| DIRECTIONS |
Skip every picture, and output exactly the lines starting at the one with "10K Yellow Gold" and running through the last line of the material below.

| AVAILABLE DATA |
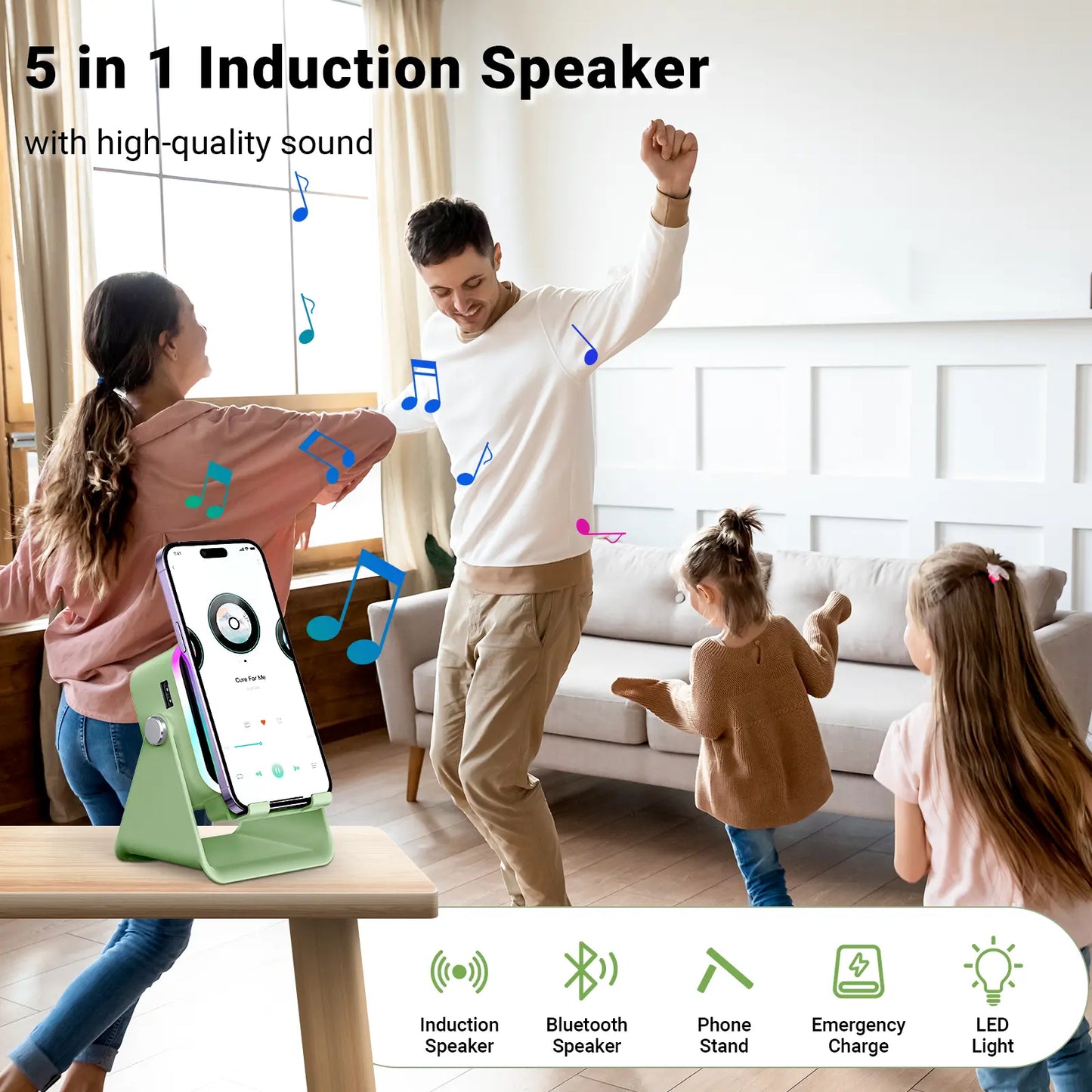 [DealsForYouDays]🎵5-in-1 Induction Bluetooth Speaker Phone Stand
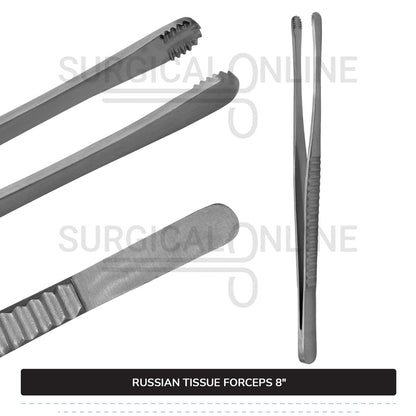 Russian Tissue Forceps 8"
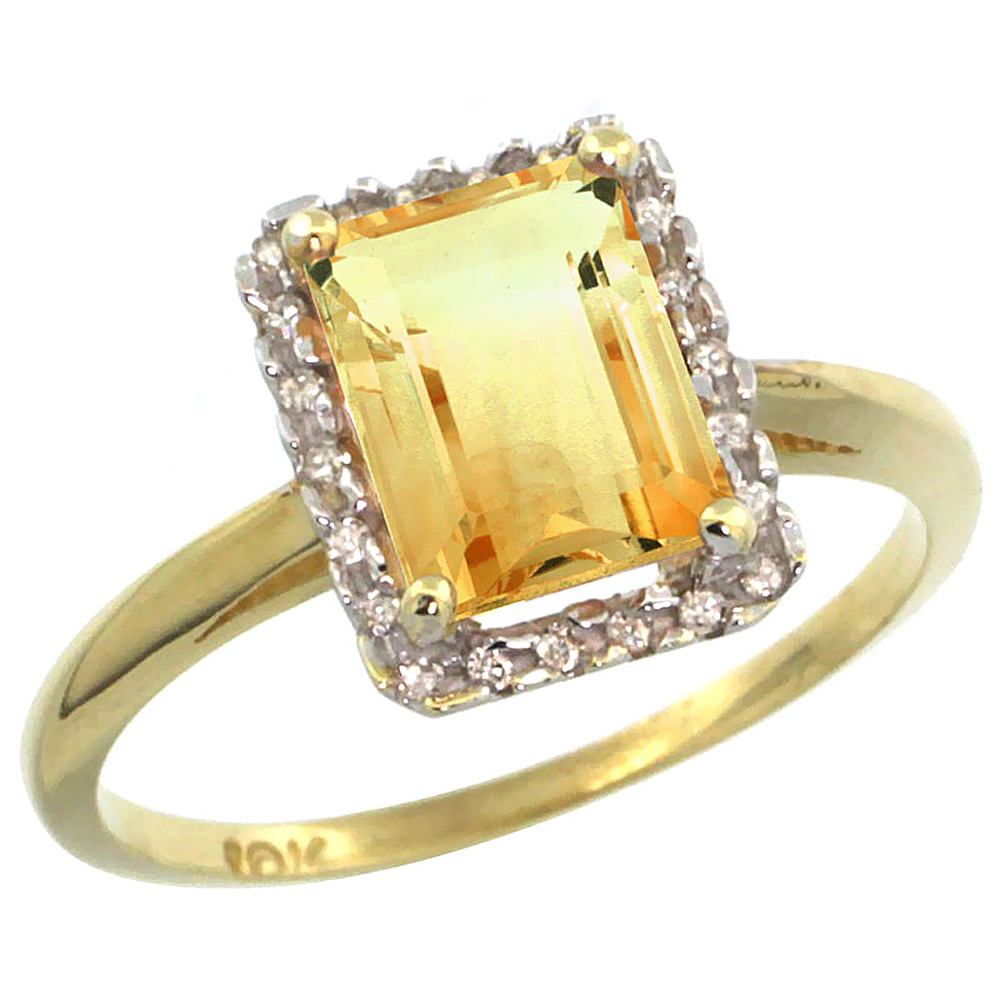 10K Yellow Gold Diamond Natural Citrine Ring Emerald-cut 8x6mm, sizes 5-10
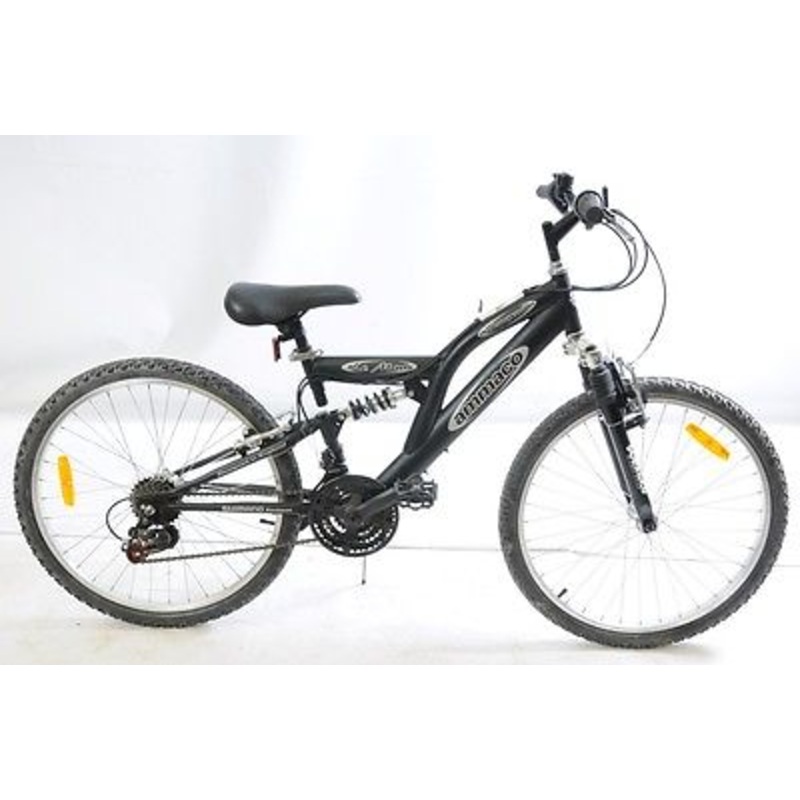 24 WHEEL DUAL SUSPENSION MOUNTAIN BIKE 18 SPEED SHIMANO SATIN BLACK ONE ONLY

| FINISHED TASK |
 10K Yellow Gold Diamond Natural Citrine Ring Emerald-cut 8x6mm, sizes 5-10
 24 WHEEL DUAL SUSPENSION MOUNTAIN BIKE 18 SPEED SHIMANO SATIN BLACK ONE ONLY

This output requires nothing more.